The Magdalene Sisters (**1/2)
Sasha Stone Mirror film critic
The touchy subject of overt female sexuality has been used often in
films dealing with the coming-of-age of a male. There are usually one
or two girls who do things like lift their skirts or force contact
with the innocent boy. This is often seen, from a tender artist’s
point of view, to be the moment barriers were broken. It is as if, for
men, virginity is but a state of mind.
However, very few films deal with the power women possess and what it
feels like to possess it. Women in film are often symbols of
sexuality, virginity, beauty, motherhood — but are they ever whole
human beings with their own spectrum of emotions? Rarely.
The perfect opportunity to explore this would have been in Peter
Mullan’s The Magdalene Sisters. Unfortunately, Mullan doesn’t see his
female characters beyond the single dimension they symbolize to him –
and this is the main problem with an otherwise interesting and, in
some ways, groundbreaking film.
In The Magdalene Sisters three young girls’ lives are torn asunder
when, for one reason or another, they are ripped from their homes and
forced to endure the strict discipline of sadistic nuns in an Irish
Catholic nunnery/laundry in the 1950s and ’60s.
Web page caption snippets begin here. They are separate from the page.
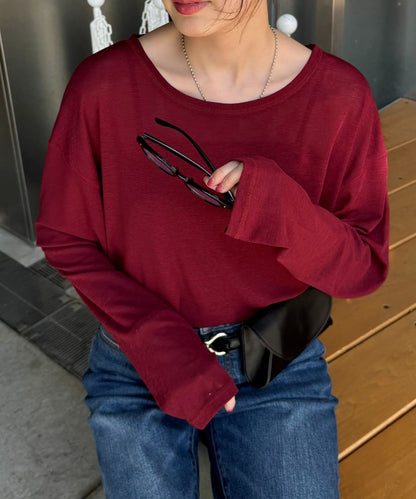 CIAOPANIC TYPY 17色 Sheer Top - Image 192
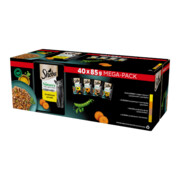 Sheba Nature’s Collection Drobiowe Smaki w galaretce 85g x 40 (multipak x 1) + prezent SHEBA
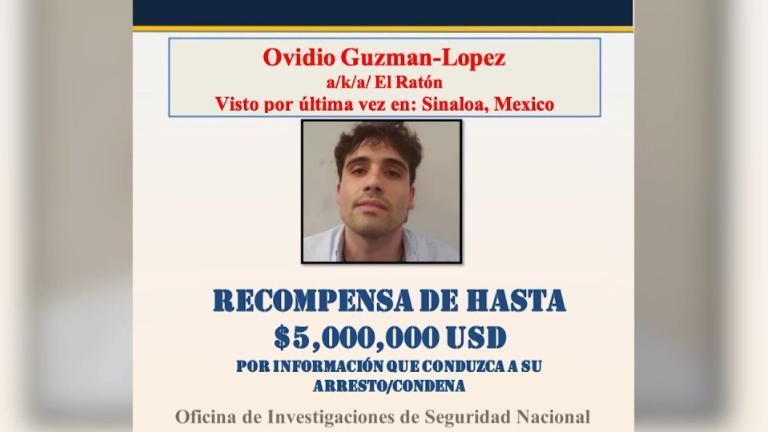 AMLO NIEGA QUE LA CAPTURA DE OVIDIO GUZMÁN TENGA QUE VER CON LA LLEGADA DE BIDEN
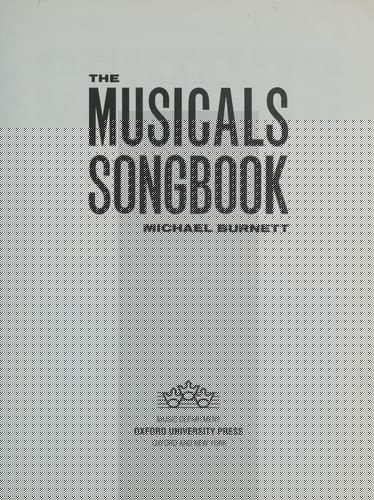 The Musicals Songbook
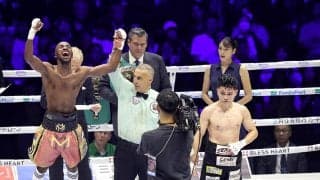 【ボクシング】坪井智也、最速タイ５戦目での世界王座獲得ならず　まさかの終盤失速　８回までリードも難敵マラジカに痛恨判定負け…ＷＢＣスーパーフライ級
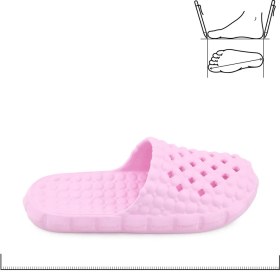 Resim Gezer Yazlık Eva Kadın Ev Banyo Bahçe Havuz Plaj Terlik 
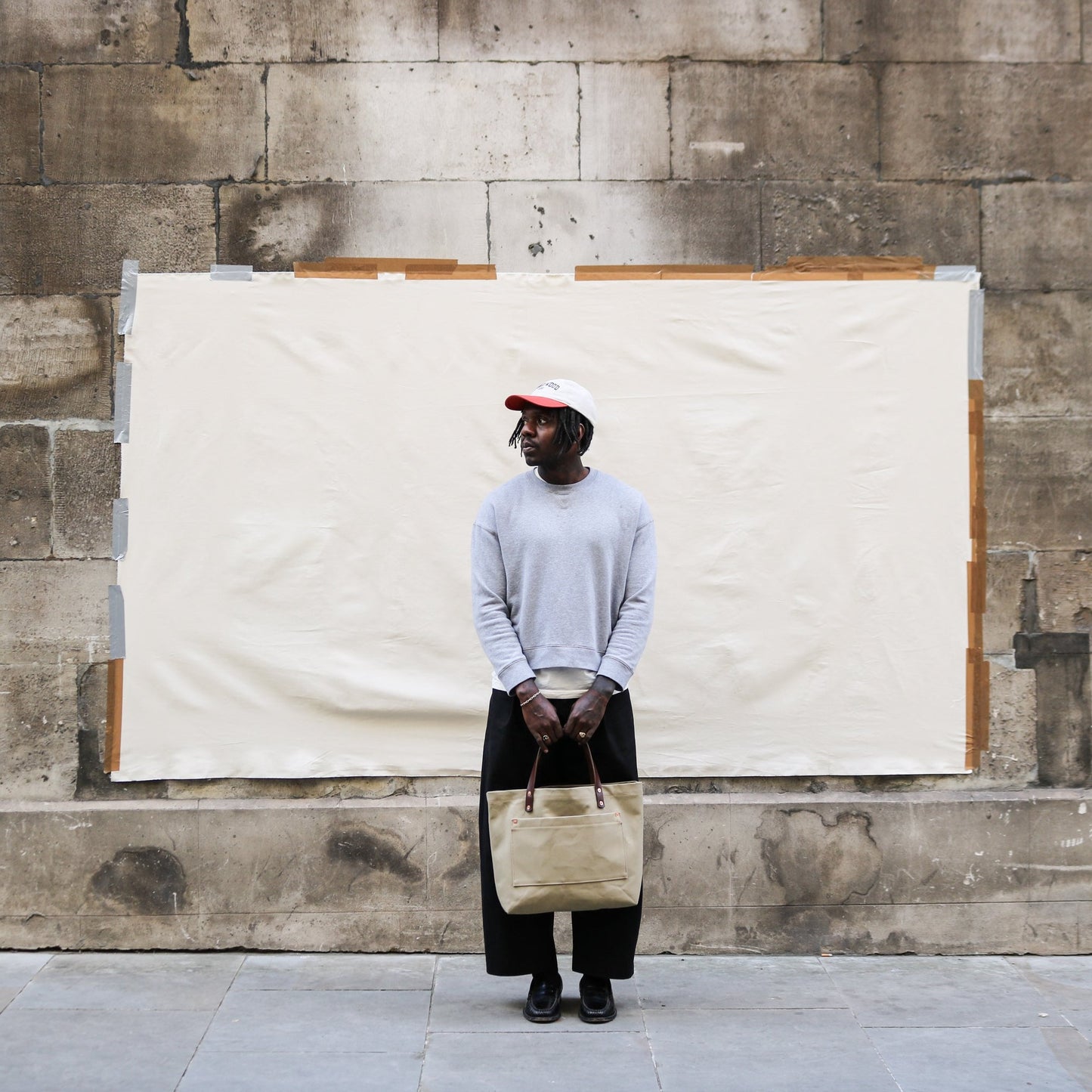DAILY - Canvas Tote Bag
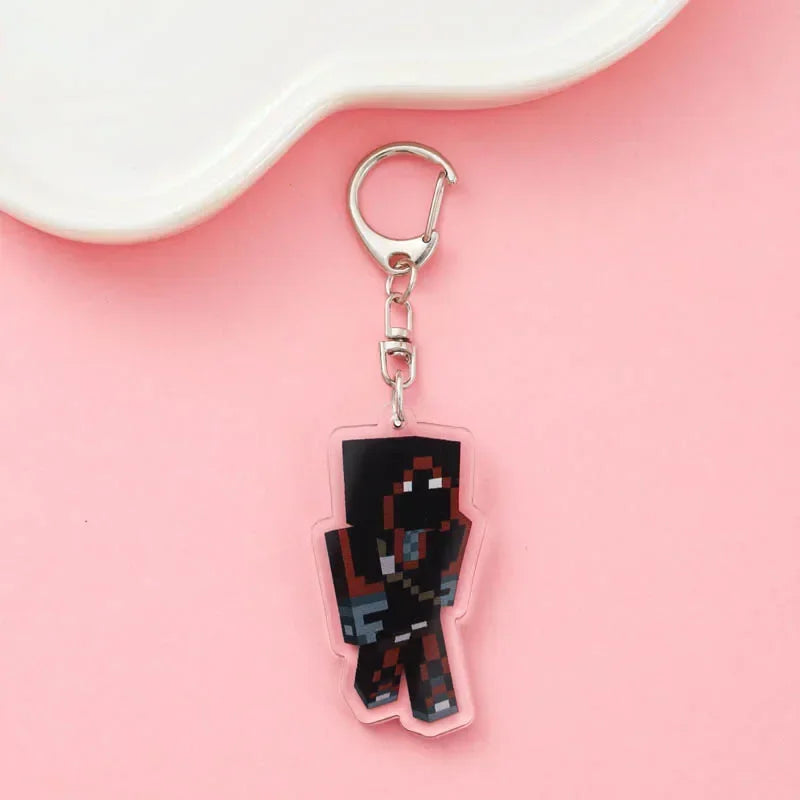 Minecraft Acrylic Keychain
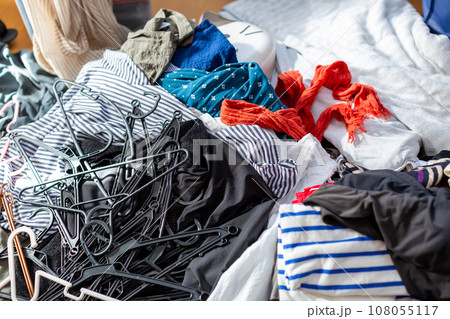 断捨離　衣替え 片づけ 108055117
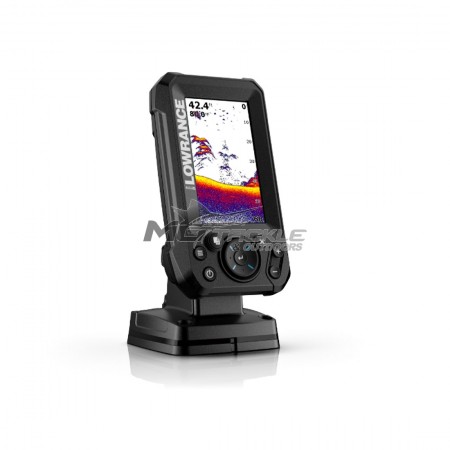 Lowrance Eagle 4x Sonar with Bullet Skimmer Transducer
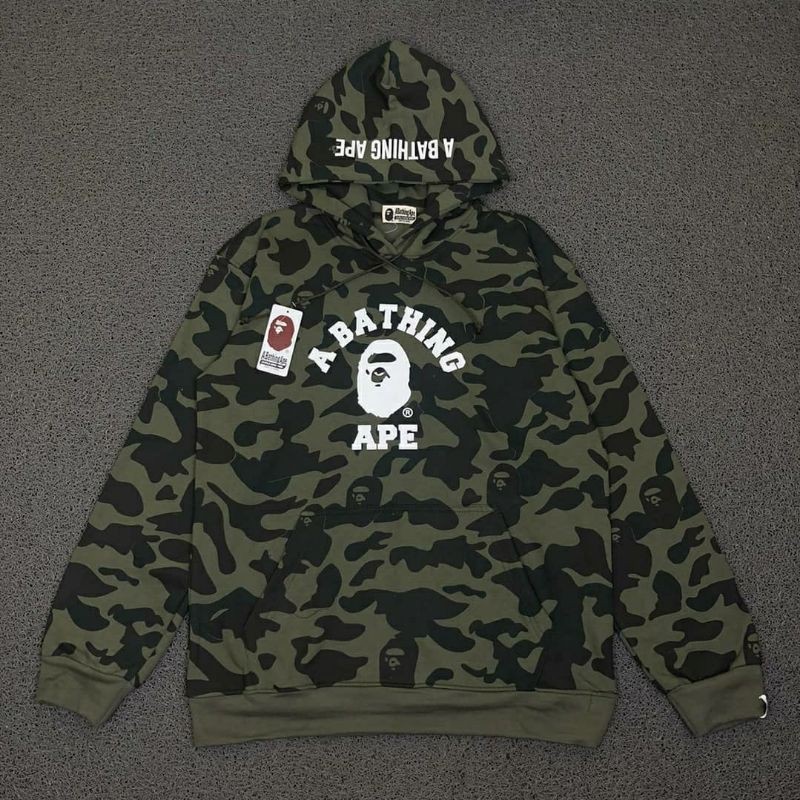 Hoodie Jaket Sweater Bape Fulltag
In the Shakespeare tragedy, Hamlet heartlessly orders Ophelia to “get
thee to a nunnery.” What she would have had to endure is what these
three girls, and others who came before them, did. This means being
shunned by “decent” society, given no rights or wages and expected to
give their lives up for God. Is it any wonder Ophelia threw herself in
the river? She had two options: submit or escape.
The three women, on whose true story the film is based, enter the
nunnery at the same time. Bernadette (a scene-stealing Nora-Jane Noone),
a flirty orphan, is caught making eye contact with boys one afternoon
and that is enough to confine her. Rose (Dorothy Duffy) is first seen
holding her bastard child, the one her own mother won’t even look at,
and is then forced to give up her baby and made to repent for her
harlot ways at the nunnery. Finally, there’s Margaret (Anne-Marie
Duff) who is raped by her cousin at a dance.
In one of the best scenes in the film, the relatives of the girl are
whispering amongst each other and the conclusion they ultimately draw
is that she provoked her own attack. We only see their expressions and
reactions, we never hear the words exchanged. Soon, the girl is taken
to get the “devil of desire” out of her -- if the cousin was motivated
to rape, she must have done something.
Once confined, the girls are abused by the repressed and cruel nuns
whose answer to everything is that the girls are whores, harlots and
temptresses, and nothing they could ever say or do would change that —
not until their spirits are broken and they accept God into their
lives.
Life is spoken about as unbearable, but Mullan fails to adequately
portray the nuns and the nunnery as so awfully bad as to be shocking.
Yes, the girls’ hair is cut, yes they are swatted for disobedience and
no, none deserve to be there. Somehow, and this is mainly due to the
flat characterizations of the girls, there doesn’t appear to be the
necessary amount of evidence to illicit the kind of sympathy the film
is asking from us. The nuns are played as meek small women who can be
bullied fairly easily. Either they were a lot worse in real life than
in the film or there is a very important piece of the puzzle missing.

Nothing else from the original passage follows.